Provided data —
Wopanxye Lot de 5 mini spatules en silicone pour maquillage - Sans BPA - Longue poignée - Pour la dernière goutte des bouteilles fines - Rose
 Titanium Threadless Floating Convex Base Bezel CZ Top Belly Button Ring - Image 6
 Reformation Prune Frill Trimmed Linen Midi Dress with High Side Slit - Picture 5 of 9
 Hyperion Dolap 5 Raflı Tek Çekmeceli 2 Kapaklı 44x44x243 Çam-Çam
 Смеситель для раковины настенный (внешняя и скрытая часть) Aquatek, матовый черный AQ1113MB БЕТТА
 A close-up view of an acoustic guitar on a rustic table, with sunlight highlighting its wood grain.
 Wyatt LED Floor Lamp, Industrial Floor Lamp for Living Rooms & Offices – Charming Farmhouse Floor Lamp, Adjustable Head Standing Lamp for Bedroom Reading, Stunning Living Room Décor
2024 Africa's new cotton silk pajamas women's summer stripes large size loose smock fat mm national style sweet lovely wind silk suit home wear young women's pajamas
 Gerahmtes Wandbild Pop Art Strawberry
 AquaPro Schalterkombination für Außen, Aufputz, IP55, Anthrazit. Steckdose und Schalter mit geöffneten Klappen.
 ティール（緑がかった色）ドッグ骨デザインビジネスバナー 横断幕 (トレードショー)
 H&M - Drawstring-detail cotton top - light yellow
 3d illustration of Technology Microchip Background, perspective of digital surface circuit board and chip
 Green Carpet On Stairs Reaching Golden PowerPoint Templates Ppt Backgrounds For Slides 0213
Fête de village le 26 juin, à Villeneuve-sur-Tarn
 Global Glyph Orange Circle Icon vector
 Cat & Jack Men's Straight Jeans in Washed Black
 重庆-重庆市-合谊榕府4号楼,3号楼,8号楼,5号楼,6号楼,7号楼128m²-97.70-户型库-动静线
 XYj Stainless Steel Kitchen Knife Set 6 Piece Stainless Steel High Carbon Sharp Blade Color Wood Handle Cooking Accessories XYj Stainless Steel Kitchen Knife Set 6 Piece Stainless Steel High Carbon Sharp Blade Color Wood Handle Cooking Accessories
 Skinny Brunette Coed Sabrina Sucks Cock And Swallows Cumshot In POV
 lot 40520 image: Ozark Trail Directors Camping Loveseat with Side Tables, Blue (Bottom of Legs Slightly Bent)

What the task requires — Copy the line containing "Titanium Threadless Floating" exactly. Then copy every line after it through the end of the listing, and nothing more.

Exercise answer —
 Titanium Threadless Floating Convex Base Bezel CZ Top Belly Button Ring - Image 6
 Reformation Prune Frill Trimmed Linen Midi Dress with High Side Slit - Picture 5 of 9
 Hyperion Dolap 5 Raflı Tek Çekmeceli 2 Kapaklı 44x44x243 Çam-Çam
 Смеситель для раковины настенный (внешняя и скрытая часть) Aquatek, матовый черный AQ1113MB БЕТТА
 A close-up view of an acoustic guitar on a rustic table, with sunlight highlighting its wood grain.
 Wyatt LED Floor Lamp, Industrial Floor Lamp for Living Rooms & Offices – Charming Farmhouse Floor Lamp, Adjustable Head Standing Lamp for Bedroom Reading, Stunning Living Room Décor
2024 Africa's new cotton silk pajamas women's summer stripes large size loose smock fat mm national style sweet lovely wind silk suit home wear young women's pajamas
 Gerahmtes Wandbild Pop Art Strawberry
 AquaPro Schalterkombination für Außen, Aufputz, IP55, Anthrazit. Steckdose und Schalter mit geöffneten Klappen.
 ティール（緑がかった色）ドッグ骨デザインビジネスバナー 横断幕 (トレードショー)
 H&M - Drawstring-detail cotton top - light yellow
 3d illustration of Technology Microchip Background, perspective of digital surface circuit board and chip
 Green Carpet On Stairs Reaching Golden PowerPoint Templates Ppt Backgrounds For Slides 0213
Fête de village le 26 juin, à Villeneuve-sur-Tarn
 Global Glyph Orange Circle Icon vector
 Cat & Jack Men's Straight Jeans in Washed Black
 重庆-重庆市-合谊榕府4号楼,3号楼,8号楼,5号楼,6号楼,7号楼128m²-97.70-户型库-动静线
 XYj Stainless Steel Kitchen Knife Set 6 Piece Stainless Steel High Carbon Sharp Blade Color Wood Handle Cooking Accessories XYj Stainless Steel Kitchen Knife Set 6 Piece Stainless Steel High Carbon Sharp Blade Color Wood Handle Cooking Accessories
 Skinny Brunette Coed Sabrina Sucks Cock And Swallows Cumshot In POV
 lot 40520 image: Ozark Trail Directors Camping Loveseat with Side Tables, Blue (Bottom of Legs Slightly Bent)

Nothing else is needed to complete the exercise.